17 All this has come upon us,
though we have not forgotten you,
and we have not been false to your covenant.
18 Our heart has not turned back,
nor have our steps departed from your way;
19 yet you have broken us in the place of jackals
and covered us with the shadow of death.
20 If we had forgotten the name of our God
or spread out our hands to a foreign god,
21 would not God discover this?
For he knows the secrets of the heart.
22 Yet for your sake we are killed all the day long;
we are regarded as sheep to be slaughtered.

In verses 1-8, the Psalmist reviews how God has fought for His people in the past and won for them glorious victories. These are attributable not to the strength and the sword of Israel, but to God Himself. God is the one who saves His people from their distress and the success they have seen in the past came directly from Him.

But then, the Psalmist describes the current position they found themselves in as a nation. In verses 9-16, he shares the sense of how they have been abandoned by God and left desolate and vulnerable to their enemies. It is a dramatic turn of events as the Psalmist calls to mind the glorious past and then relates the current distress. If their success in the past was due to God’s work on their behalf, then their current lack of success must be due to God having left them.

In verses 17 to the end, the Psalmist then seeks for a reason why God has abandoned them so. As a nation, they have been faithful to Him and are not engaged in idolatry and rebellion against Him as they have been at other times. If they had been in flagrant sin against Him, their situation would be understandable. But why are they facing their current distress? The Psalmist asks and answers his own question. It is for your sake we are killed all the day long. In this case, it isn’t the sins of Israel that causes the distress, but it is God’s own sovereign purpose that they go through this hard time.

What do we learn from this?

Not all the bad that happens to us is directly due to our sin. Here we see that God’s people were faithfully serving Him, but for some reason, God has not chosen to bless them with the same victories and success as He had blessed His people in the past.

For His own purposes, God chooses that His church should sometimes go through times of rich blessing and at other times dryness and famine. For His own purposes, God will allow His church to labor faithfully with little or no visible growth. Why do we see some churches faithfully preach the Gospel to dwindling congregations while down the street churches that water down the Gospel and entertain the people are growing by leaps and bounds? Why? For His glory and our good.

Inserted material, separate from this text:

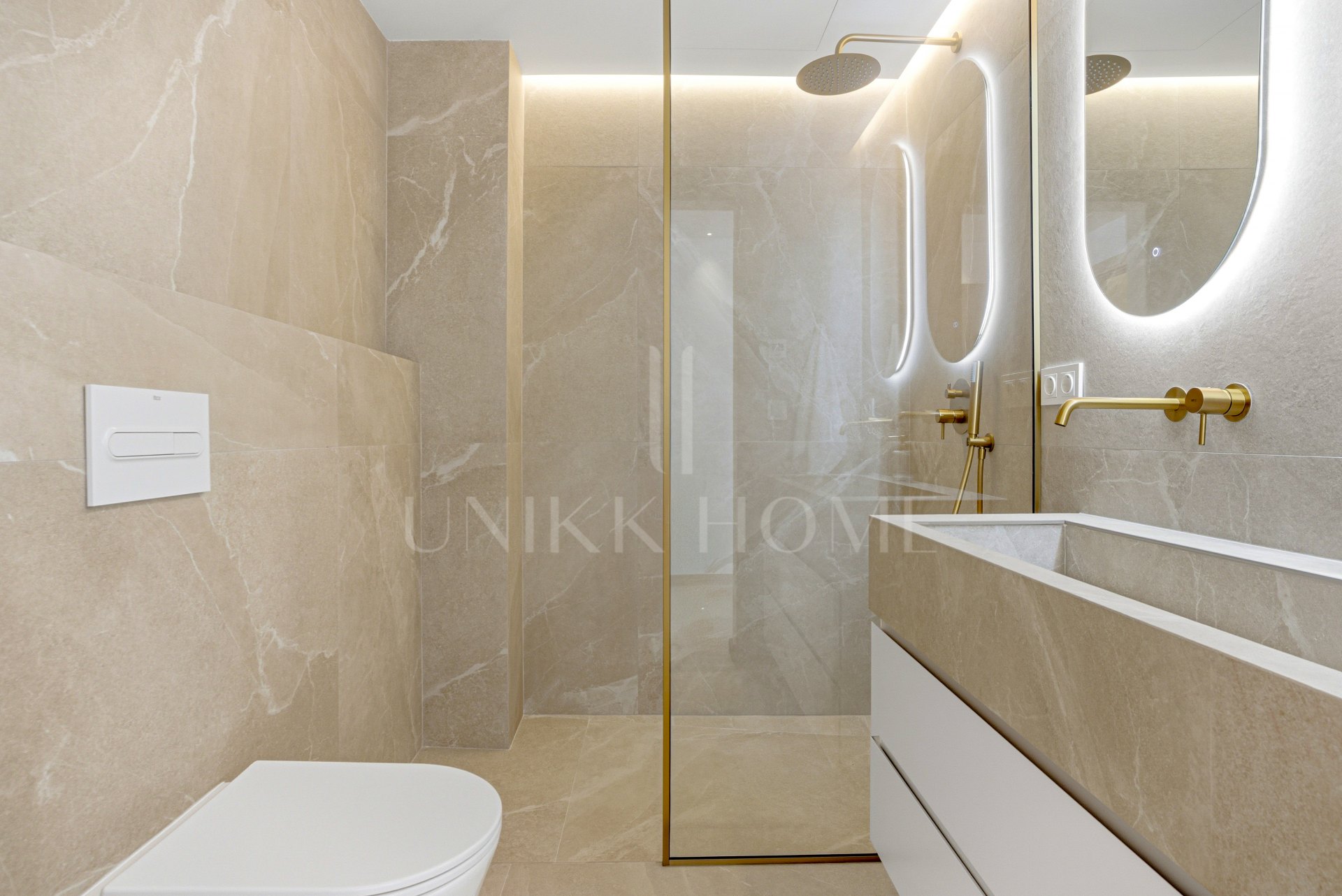 Casa adosada contemporánea de cuatro dormitorios situada en la comunidad cerrada de La Rinconada, situada en el Valle del Golf de Marbella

The lack of apparent blessing in a person’s life or in the life of a church is not necessarily an indication of God’s disfavor. Rather God, for His own purposes, chooses sometimes to allow His people to suffer. But their suffering is always under His great promise of His working it all out for His glory and their own good. That is why Paul can quote this very Psalm when he wants to make the point this very point.

Romans 8:31-39

31 What then shall we say to these things? If God is for us, who can be against us? 32 He who did not spare his own Son but gave him up for us all, how will he not also with him graciously give us all things? 33 Who shall bring any charge against God’s elect? It is God who justifies. 34 Who is to condemn? Christ Jesus is the one who died–more than that, who was raised–who is at the right hand of God, who indeed is interceding for us. 35 Who shall separate us from the love of Christ? Shall tribulation, or distress, or persecution, or famine, or nakedness, or danger, or sword? 36 As it is written,

“For your sake we are being killed all the day long;
we are regarded as sheep to be slaughtered.”

37 No, in all these things we are more than conquerors through him who loved us. 38 For I am sure that neither death nor life, nor angels nor rulers, nor things present nor things to come, nor powers, 39 nor height nor depth, nor anything else in all creation, will be able to separate us from the love of God in Christ Jesus our Lord.

When God calls His people to suffer, He is actually conquering the circumstances through us.

Where is Christ in this passage?

Paul tells us in the Romans passage where he quotes Psalm 44 that Jesus Christ as the basis for our confidence that God works out our sufferings for good. It is because of what Jesus Christ has done that we can be confident that although we might have to go through times of difficulty, if we are in Jesus Christ, nothing will separate us from His love for us.